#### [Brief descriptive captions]
-- -- --
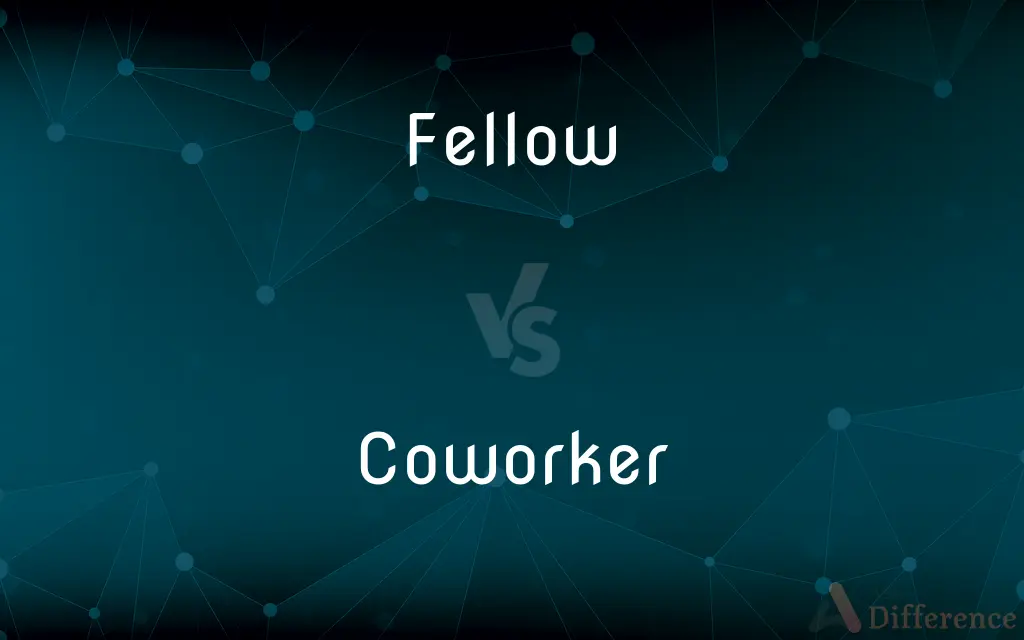 Fellow vs. Coworker — What's the Difference?
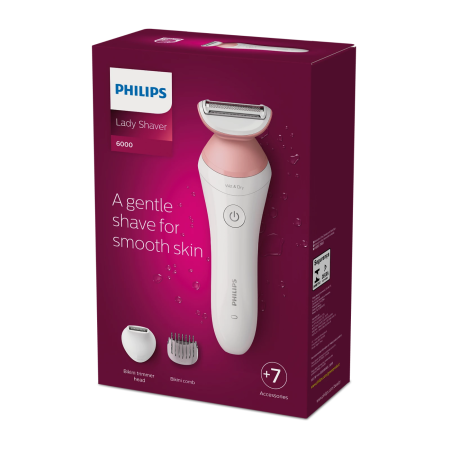 Эпилятор Philips BRL146/00, белый/розовый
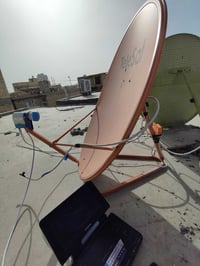 تنصيب صحن • بدون كهرباء • الكوت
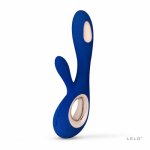 Lelo, Wibrator z kiwającym ruchem główki - Lelo Soraya Wave   Niebieski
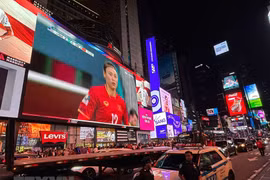 World Cup: Trận đấu Việt Nam-Mỹ được phát tại Quảng trường Thời đại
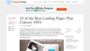 10 of the Best Landing Pages That Convert 100%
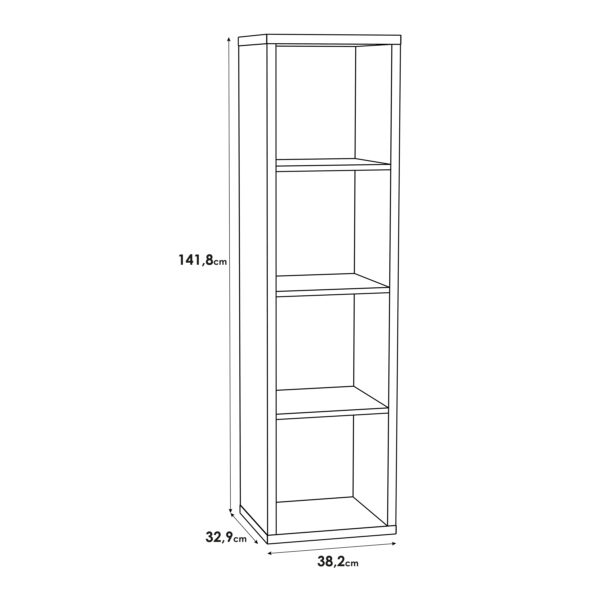 Mauri Cube 3 Shelves Storage Unit in Matt White | Self Assembly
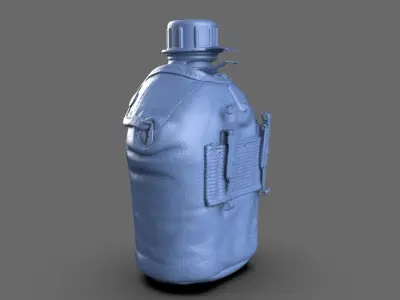 Military Water Bottle Canteen 3D model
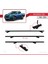 Mitsubishi L200 2015-2023 Arası ile Uyumlu Basıc Model Universal Ara Atkı Tavan Barı Siyah 3 Adet 4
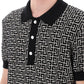 Balmain knitted polo shirt with monogram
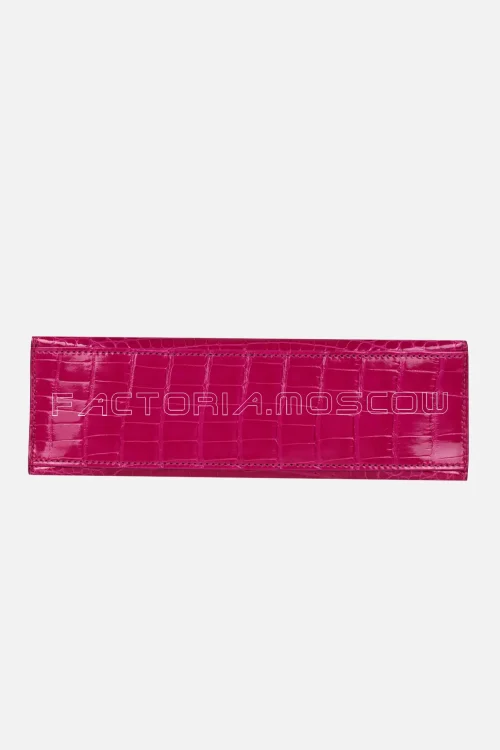 Hermes Kelly Pochette Rose Sheherazade Shiny Alligator GHW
-- -- --
#### [EXERCISE GOAL]
Every record must be returned exactly. Leave its pictures out.

#### [RESPONSE]
 Fellow vs. Coworker — What's the Difference?
 Эпилятор Philips BRL146/00, белый/розовый
 تنصيب صحن • بدون كهرباء • الكوت
 Lelo, Wibrator z kiwającym ruchem główki - Lelo Soraya Wave   Niebieski
 World Cup: Trận đấu Việt Nam-Mỹ được phát tại Quảng trường Thời đại
 10 of the Best Landing Pages That Convert 100%
 Mauri Cube 3 Shelves Storage Unit in Matt White | Self Assembly
 Military Water Bottle Canteen 3D model
 Mitsubishi L200 2015-2023 Arası ile Uyumlu Basıc Model Universal Ara Atkı Tavan Barı Siyah 3 Adet 4
 Balmain knitted polo shirt with monogram
 Hermes Kelly Pochette Rose Sheherazade Shiny Alligator GHW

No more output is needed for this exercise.